It is Russia's oldest regional friendship, inherited from the Soviet Union. The Missile Crisis and Fidel's visit to Moscow almost sixty years ago are well known. Although it has modulated in intensity over time, it is a reality: the Russians are just over 140km from Florida.
- Beyond the tired rhetoric with which all news reports on the issue are flooded, the Cuban press has been reporting for months on the constant arrival of Russian humanitarian aid to the island, hundreds of millions of tonnes of all kinds of supplies.
- Although the Russian footprint in Cuba has been dissipating, the focus of the cooperation, reiterated a couple of days ago by the leaders of both countries, is, of course, the military industry.
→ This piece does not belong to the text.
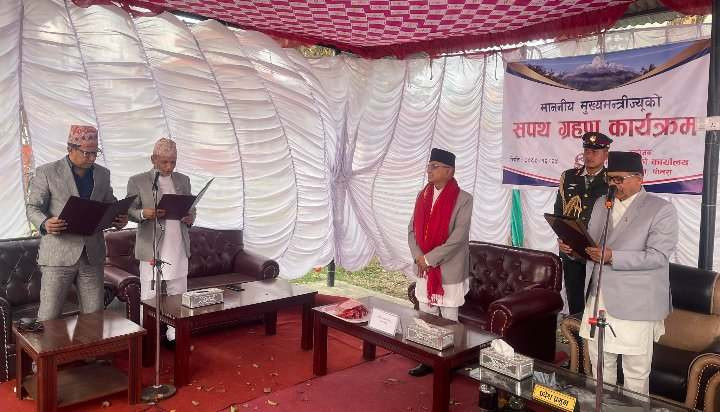 गण्डकीका नवनियुक्त मुख्यमन्त्री र दुई मन्त्रीले लिए शपथ 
In early December last year, the head of the Russian Federal Service for Military-Technical Cooperation announced that although Cuba possesses "sufficient weapons", it is necessary to "raise the level of its competence, provide training and transfer the technologies we have".
- Beyond a tenuous cooperation at the commercial and private tourism levels, the relationship does not seem to transcend the purely geopolitical.
The Russian presence is articulated in an interesting way. Apart from the typical military cooperation agreements, the Slavs operate - incidentally very close to the US Embassy - a satellite described by the Pentagon as an "espionage satellite", similar to the one they have in Argentina. On the other hand, a couple of months ago a Nicaraguan delegation comprising Ortega's sons signed a bilateral cooperation agreement in Moscow on nuclear energy.